### Exercise
Would you repeat the data below exactly, taking out the images?

### Material provided

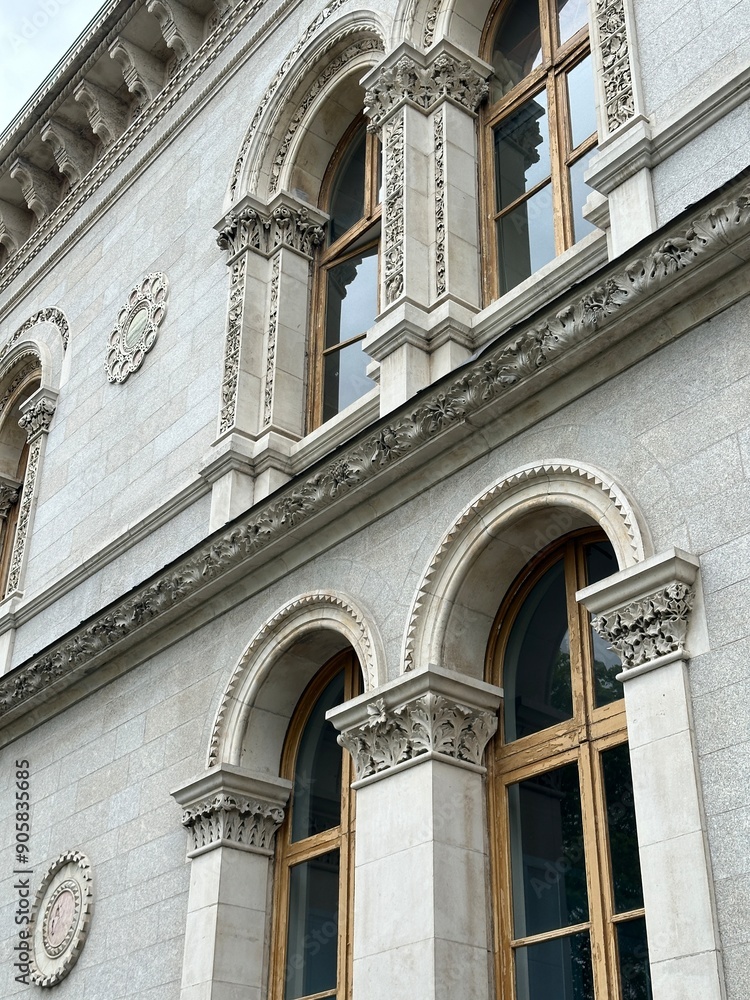 Obraz premium Facade of a building in Trinity College Dublin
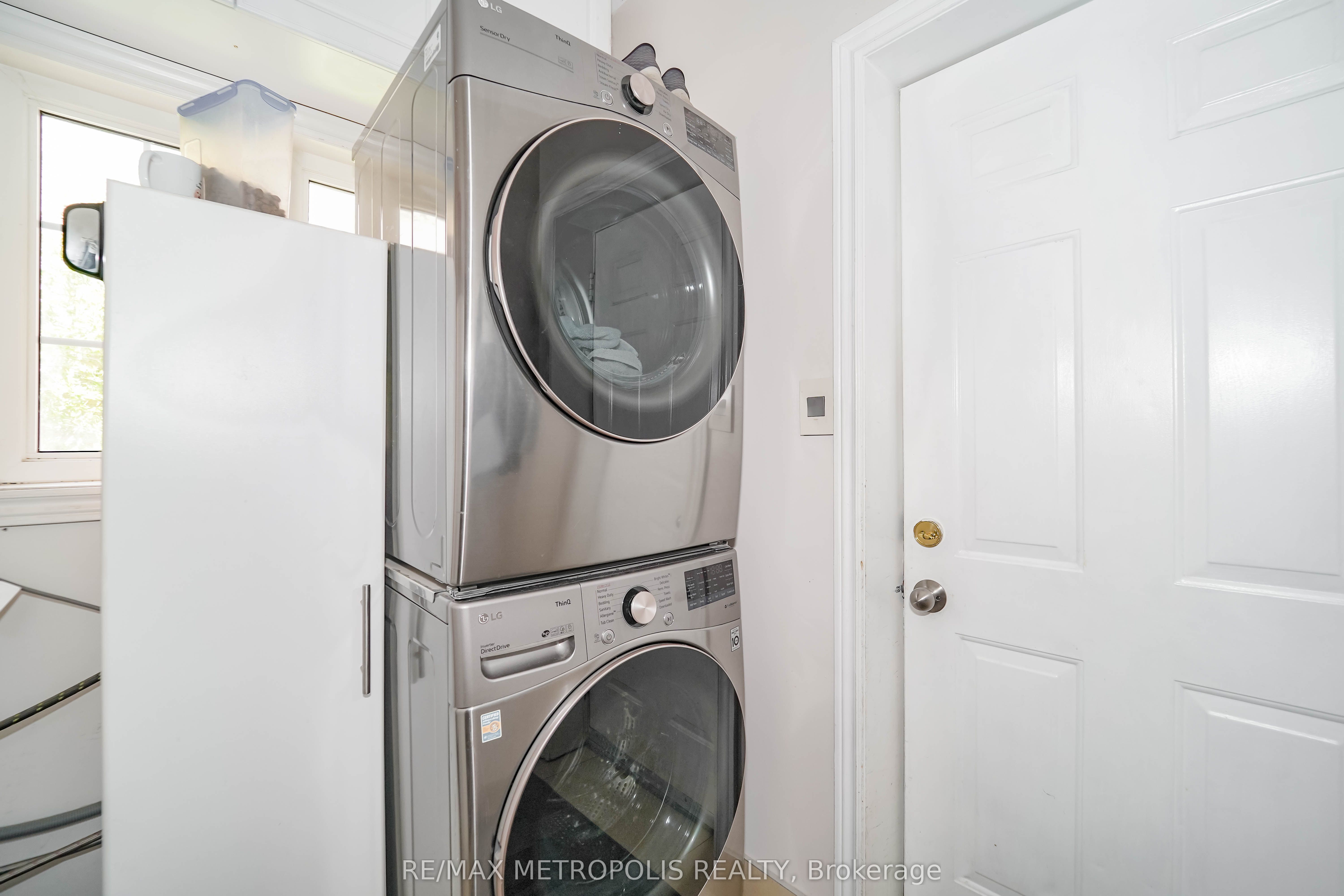 114 Selwyn Road Property Photo 43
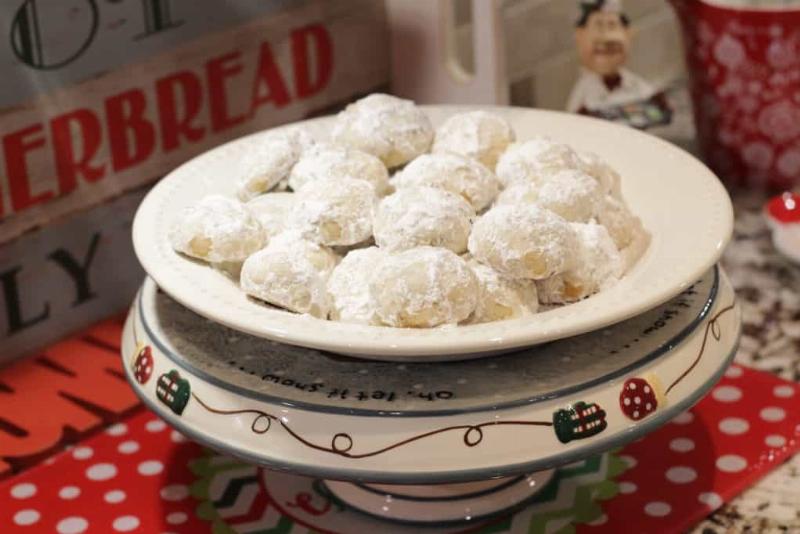 Perfectly Baked Pecan Sandies Cookies Cooling on a Rack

### Exercise output
 Obraz premium Facade of a building in Trinity College Dublin
 114 Selwyn Road Property Photo 43
 Perfectly Baked Pecan Sandies Cookies Cooling on a Rack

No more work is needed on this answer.